Joseph McGill Jr., a Charleston-based field officer with the National Trust for Historic Preservation, discusses the Slave Dwelling Project, which he started in 2010.
JOSEPH MCGILL JR.
Age: 51
Grew up in: Kingstree
Claim to fame: The Slave Dwelling Project
Day job: Field officer for the National Trust for Historic Preservation
Pet peeve: "Distorted history—history that favors the victor and leaves out the rest of the story."
It began as part of a Civil War documentary for the History Channel. Joseph McGill Jr., a Charleston-based field officer with the National Trust for Historic Preservation, volunteered to spend the night in a restored slave hut at Boone Hall Plantation to demonstrate what living conditions had been like for enslaved Africans.
The overnight stay had a profound impact on McGill, and in 2010 he launched the Slave Dwelling Project, a personal quest to explore and preserve slave quarters across the state and nation.

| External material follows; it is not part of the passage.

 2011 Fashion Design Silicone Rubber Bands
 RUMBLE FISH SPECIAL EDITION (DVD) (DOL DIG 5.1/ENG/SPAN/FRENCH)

"My goal is to bring attention to the dwellings," he says. "It’s an opportunity to recognize the places that have been restored and acknowledge the places that need to be restored."
In addition to helping landowners identify, interpret and maintain slave quarters, McGill is raising awareness of the history behind the buildings. Camping overnight in former slave dwellings—sometimes accompanied by the descendants of the slaves who built and occupied them—is a way to establish an emotional connection "to the people who endured despite all that they went through," he says. "You think about those people. You think about the fact that in that space it was probably the most peaceful part of their lives, but even that could be interrupted."

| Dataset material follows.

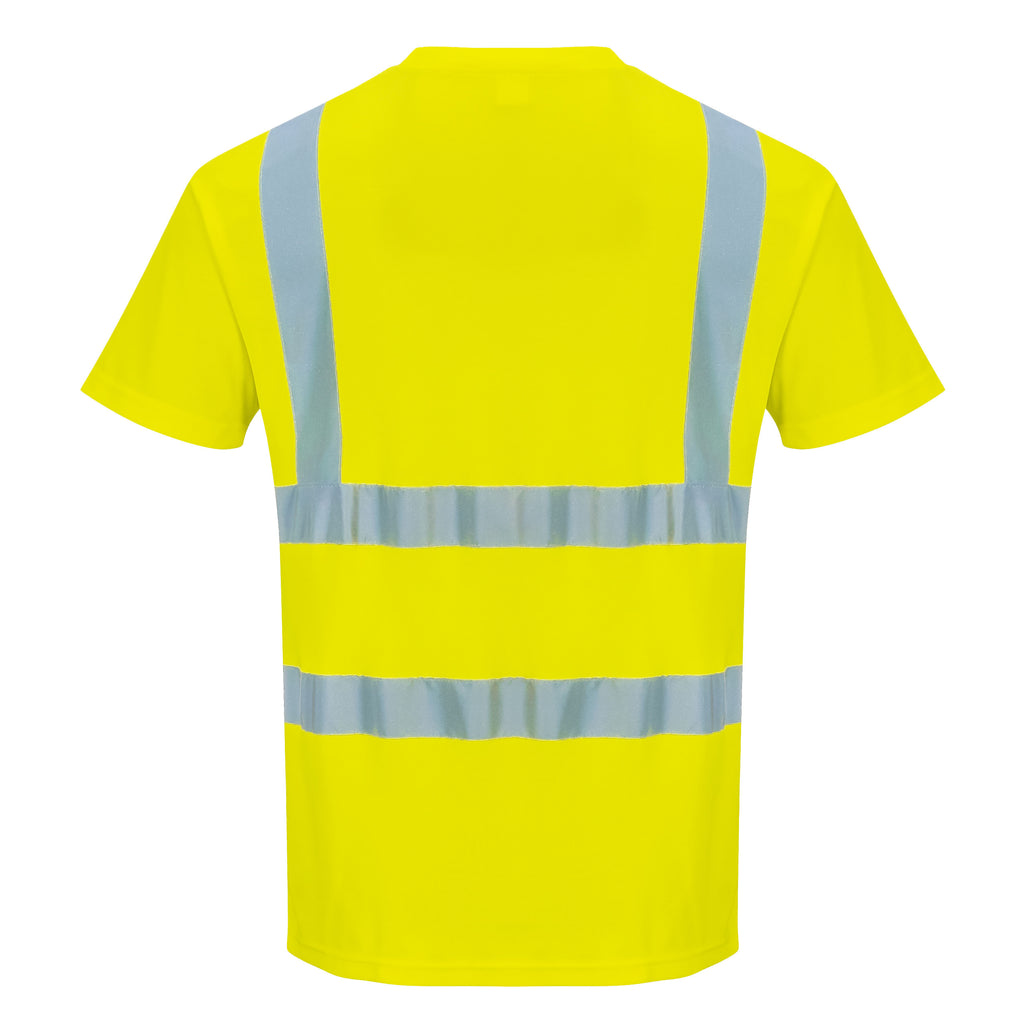Portwest S478 Yellow Hi-Vis T-Shirt S/S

While the project began with an exploration of slave dwellings on Southern plantations, McGill has visited 38 sites in 12 states, including Pennsylvania and Connecticut—areas not normally associated with slavery.
"Expanding the project to those states sheds light on the period of slavery in the United States history," he says. "The North does not get a pass. Slavery existed there also. If you go to any older city that existed prior to the Civil War you can find architecture that supported slaves."